Really, just looking for a nifty little dice mechanic to randomize things.  I've done all the dice+bonus things and thought that a dice pool based on a rank could be something different.

You will, it just seems unwieldy to me.

2d6 is a classic bell curve. Lots of games use that. 3d6 gives you a much sharper curve, such that you generally don't even need to consider the highest numbers.

One thing to watch out for is that when your curve gets sharper bonuses and penalties have much more effect. With a single die, +1 is good and +2 is about twice as good, but neither really tend to put you in a range you don't generally see already. With a sharp curve, say with 3d6, a +2 puts you pretty far outside the norm already. I'm not saying that's undesirable, I'm just making sure you're aware of the fact.

With 2d10, you get a range from 2 to 20 and linearly in- (or de-) creasing weights, so it's partway to a normal distribution.

With 3d6, you are notably closer to a normal distribution with a range of 3 to 18. Try 3d8 - 3, and you get 0 to 21 for a decent 'd20' feel, plus exceptional rolls.


If you're using the median on 3d20, then the reasoning is as follows.

To get a 20 (or a 1), you need to roll two (or more) 20s.

Three 20s happen with probability (1/20)^3 (1 in 8000)
Exactly two 20s happen with probability 3 * 19 / 8000 (20, 20, not 20 happens 19 times, 20, not 20, 20 happens 19 times, and not 20, 20, 20 happens 19 times).

So that's 58 / 8000 of getting a 20 (a bit more than 0.7%).

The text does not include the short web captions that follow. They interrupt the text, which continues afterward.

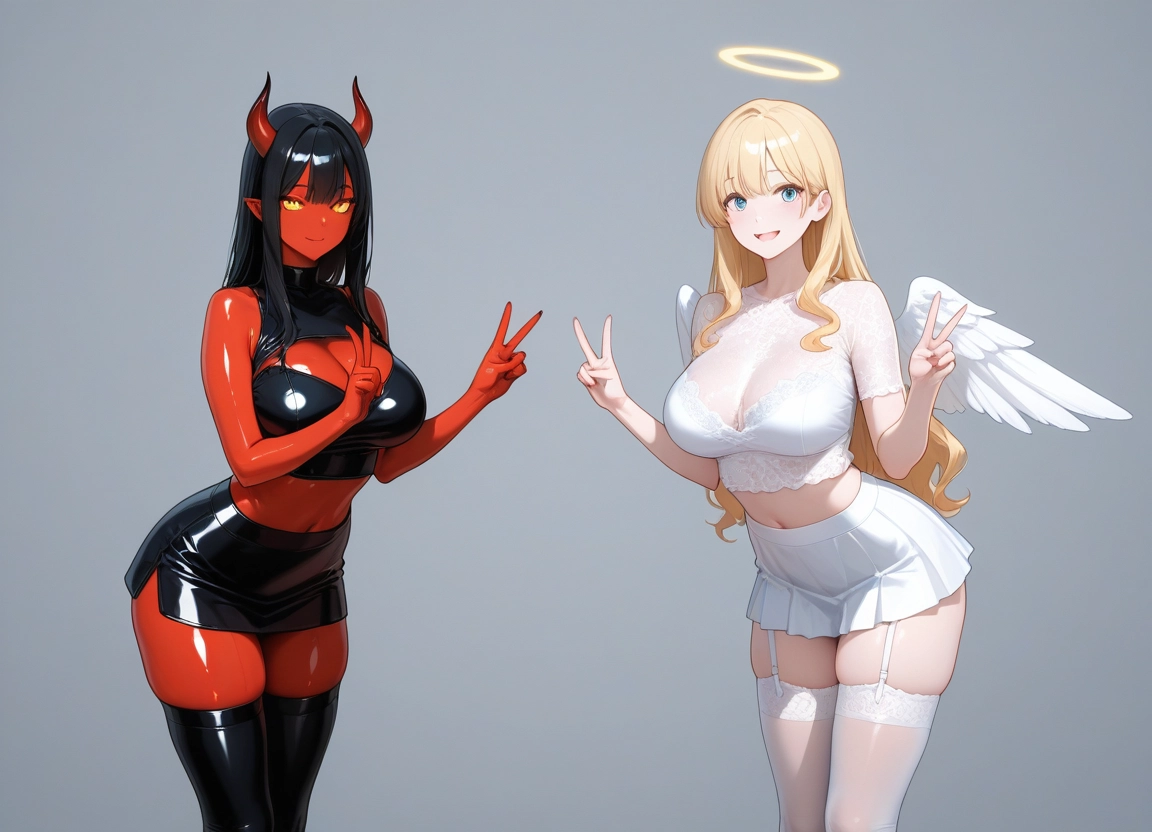 breasts, multiple girls, 2girls, horns, thighhighs, blonde hair · Yamete.gg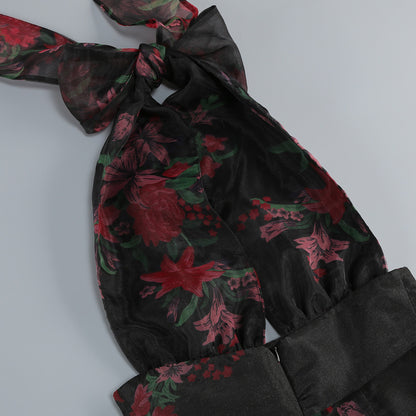georgia floral print halter ruffle Maxi Dress in black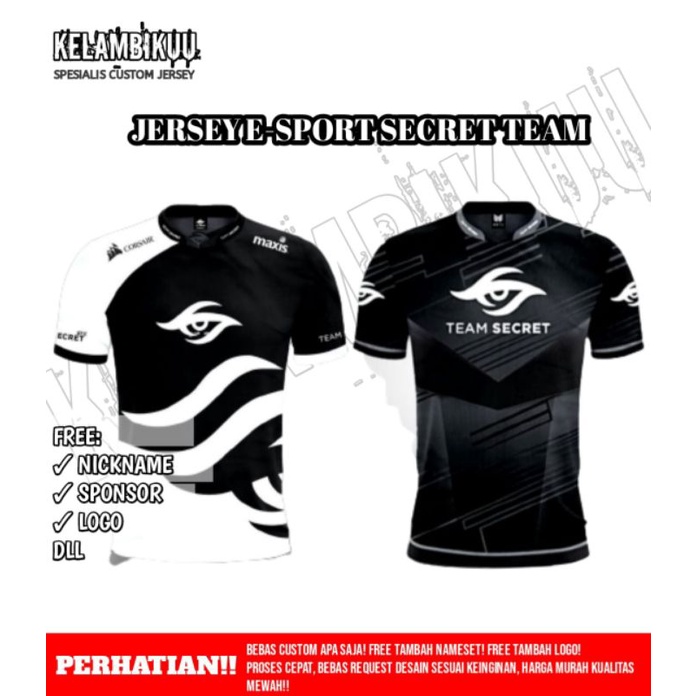 JERSEY SECRET TEAM TERBARU/BAJU KAOS ESPORT SECRET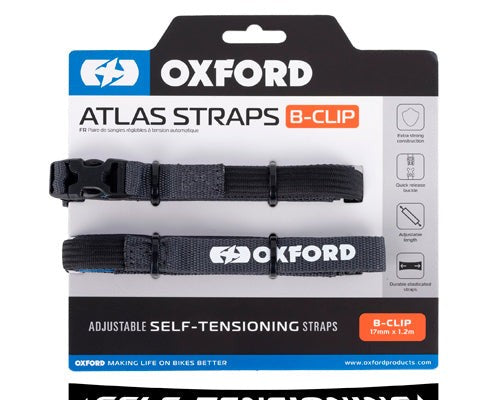 Correas de amarre Atlas B-Clip 26mm x 1,2 mts Asphalt | Oxford Products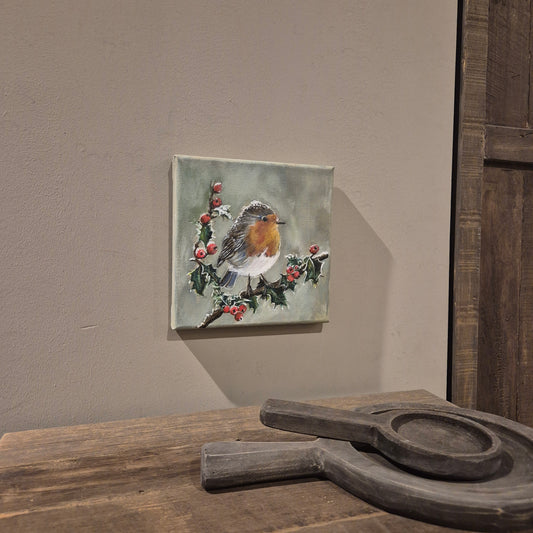 Stoer & sober schilderij Roodborstje handgeschilderd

To get a 2 to 19 (N), you need to roll one N, one 1 to N and one N to 20.

Three N happens with probability 1/8000
Two N happens with probability 57/8000 (see above)
One N happens with probability 6 * (N - 1) * (20 - N) / 8000 (the 6 term comes from the different order in which the dice can roll). That's 6 * (21N - N^2 - 20)/8000


Which gives a general formula of (126N - 6N^2 - 62)/8000 for N ranging from 1 to 20 (the odds of getting a 20 median when you roll a single 20 are zero).




So:


Which lets you compare.

2d10 gives you better odds of getting extreme high results than 3d8-3 (15% chance of 16+ versus 11%) and similar odds to the median. It has fewer low results (starting at 2) and a higher average (11 instead of 10.5).

The median is more flatly distributed around the mean (8 to 13 aren't all that different) than 2d10 and is more likely to get a low value than the others (2d10 starts at 2, which helps a lot, and 3d8-3 has lots of average results).

3d8-3 has the most extreme range, and is much closer to the normal distribution.


So your benefit in using the median is in getting more low values than 2d10, more high values than 3d8-3, and average values being less differentiated (with 2d10, 11 happens about one and a half times more often than 8, while with the median it's 6% more often).

Edit: Added results when using the median of 5d to the table. It's close to 3d8-3 around the mean, with fewer outliers (3- or 18+), a bit narrower than the 3d median and broader than 3d8-3 around the mean. Using 5 dice actually makes the median less different, so it's not that useful (and convoluted to boot).
This message was last edited by the user at 23:33, Fri 22 Apr 2016.

Ever mess with ORE?  In essence, you have a pool of dice determined by stat+skill (or the equivalent in the system you're in) and roll that many d10s.  You then look for matches and the matched sets (if any) determine how well things went.  Matched sets are judged by their height (the number on the die) and their width (the number of dice in the match).  So, 3 1s and 2 10s might be better or worse than each other, depending on the particular system (usually, width goes to speed, so 3 1s is better than 2 10s when running a foot race - but 2 10s would be better if debating someone).  Sometimes, there are specific interpretations - like with a damage roll, width might be the damage and height the hit location.

There's a bit more to the interaction of sets than that, but that's the basics of it.  It is certainly far, far from a d20 roll (which I also share your distaste for).

In reply to swordchucks (msg # 14):

Isn't that used for Godlike?  I recall that height x width mechanic from several years ago.  I'll look into that.

And thanks again to all the mathheads who've posted amazing levels of detail!  It's really helping!